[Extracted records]
============

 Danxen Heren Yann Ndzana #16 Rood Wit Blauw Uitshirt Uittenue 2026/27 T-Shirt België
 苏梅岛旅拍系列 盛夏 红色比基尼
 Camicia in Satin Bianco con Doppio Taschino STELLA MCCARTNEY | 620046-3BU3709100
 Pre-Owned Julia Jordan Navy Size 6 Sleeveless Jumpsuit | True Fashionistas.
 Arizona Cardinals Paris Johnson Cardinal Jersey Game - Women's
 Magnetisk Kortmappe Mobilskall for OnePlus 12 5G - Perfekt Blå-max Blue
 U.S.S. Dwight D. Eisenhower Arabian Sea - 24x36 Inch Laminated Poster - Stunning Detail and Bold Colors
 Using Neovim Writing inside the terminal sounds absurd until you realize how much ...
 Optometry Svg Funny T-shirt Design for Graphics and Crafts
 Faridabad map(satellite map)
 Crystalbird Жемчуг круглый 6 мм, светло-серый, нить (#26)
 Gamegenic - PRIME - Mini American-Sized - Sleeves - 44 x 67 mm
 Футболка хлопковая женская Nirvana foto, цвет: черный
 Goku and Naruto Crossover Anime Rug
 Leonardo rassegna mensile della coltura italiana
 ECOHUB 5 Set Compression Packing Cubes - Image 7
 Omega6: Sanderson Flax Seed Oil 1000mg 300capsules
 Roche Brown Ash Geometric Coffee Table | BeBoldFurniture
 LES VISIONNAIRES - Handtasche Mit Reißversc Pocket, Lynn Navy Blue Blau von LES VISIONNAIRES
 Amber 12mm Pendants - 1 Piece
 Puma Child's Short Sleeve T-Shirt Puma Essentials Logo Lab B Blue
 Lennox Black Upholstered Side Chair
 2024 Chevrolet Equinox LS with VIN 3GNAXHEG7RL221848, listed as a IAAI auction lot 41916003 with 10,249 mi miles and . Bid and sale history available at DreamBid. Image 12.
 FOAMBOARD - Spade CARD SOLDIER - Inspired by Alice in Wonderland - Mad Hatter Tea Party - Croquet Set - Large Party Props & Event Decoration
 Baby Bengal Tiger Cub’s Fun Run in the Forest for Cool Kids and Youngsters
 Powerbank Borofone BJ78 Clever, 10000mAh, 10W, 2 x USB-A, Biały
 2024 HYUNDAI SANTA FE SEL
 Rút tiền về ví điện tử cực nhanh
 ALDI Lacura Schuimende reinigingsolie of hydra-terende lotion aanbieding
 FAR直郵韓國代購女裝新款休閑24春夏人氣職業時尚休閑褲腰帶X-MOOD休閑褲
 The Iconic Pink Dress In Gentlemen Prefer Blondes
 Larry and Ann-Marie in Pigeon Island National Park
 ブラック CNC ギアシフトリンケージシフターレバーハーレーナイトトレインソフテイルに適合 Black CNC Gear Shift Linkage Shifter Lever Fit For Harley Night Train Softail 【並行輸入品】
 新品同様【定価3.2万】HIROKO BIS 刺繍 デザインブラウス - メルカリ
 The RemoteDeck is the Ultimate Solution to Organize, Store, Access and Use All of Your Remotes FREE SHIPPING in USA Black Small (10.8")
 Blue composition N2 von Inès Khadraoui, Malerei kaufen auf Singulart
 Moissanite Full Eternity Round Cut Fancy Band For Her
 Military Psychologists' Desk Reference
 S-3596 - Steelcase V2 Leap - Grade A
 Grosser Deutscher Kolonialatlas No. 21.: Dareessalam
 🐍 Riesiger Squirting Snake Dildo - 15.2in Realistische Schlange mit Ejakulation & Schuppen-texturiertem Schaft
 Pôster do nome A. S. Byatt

============

Whenever the word "Image" occurs in a line of the records, that line counts once; state the total alone.

**RESULT FOR THIS EXERCISE**
2